### DATA TO PROCESS

::::

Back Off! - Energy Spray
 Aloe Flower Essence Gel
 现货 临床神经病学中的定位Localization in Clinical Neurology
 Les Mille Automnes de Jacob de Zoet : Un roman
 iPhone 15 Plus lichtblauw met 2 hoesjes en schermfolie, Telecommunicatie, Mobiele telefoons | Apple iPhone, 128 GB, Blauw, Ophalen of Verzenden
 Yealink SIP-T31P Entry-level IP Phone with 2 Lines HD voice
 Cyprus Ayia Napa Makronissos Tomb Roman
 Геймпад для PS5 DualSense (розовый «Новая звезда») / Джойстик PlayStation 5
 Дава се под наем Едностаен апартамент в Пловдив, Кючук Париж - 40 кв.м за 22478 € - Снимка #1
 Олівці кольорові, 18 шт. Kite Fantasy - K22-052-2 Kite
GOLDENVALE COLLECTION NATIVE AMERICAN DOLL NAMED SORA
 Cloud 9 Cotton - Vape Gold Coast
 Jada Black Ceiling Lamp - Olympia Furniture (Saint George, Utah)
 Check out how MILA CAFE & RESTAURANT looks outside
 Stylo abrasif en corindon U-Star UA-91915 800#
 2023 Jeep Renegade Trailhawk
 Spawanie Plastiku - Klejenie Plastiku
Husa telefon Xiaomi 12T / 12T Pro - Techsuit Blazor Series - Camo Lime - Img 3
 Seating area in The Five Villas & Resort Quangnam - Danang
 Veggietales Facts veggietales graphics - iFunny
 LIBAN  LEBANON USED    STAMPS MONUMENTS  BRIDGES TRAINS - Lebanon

::::

### YOUR INSTRUCTIONS
Give back, exactly and with nothing added, the lines from the line containing "Spawanie Plastiku - Klejenie Plastiku" through the final line of the records above, both of them included.

### RESULT OF THE EXERCISE
 Spawanie Plastiku - Klejenie Plastiku
Husa telefon Xiaomi 12T / 12T Pro - Techsuit Blazor Series - Camo Lime - Img 3
 Seating area in The Five Villas & Resort Quangnam - Danang
 Veggietales Facts veggietales graphics - iFunny
 LIBAN  LEBANON USED    STAMPS MONUMENTS  BRIDGES TRAINS - Lebanon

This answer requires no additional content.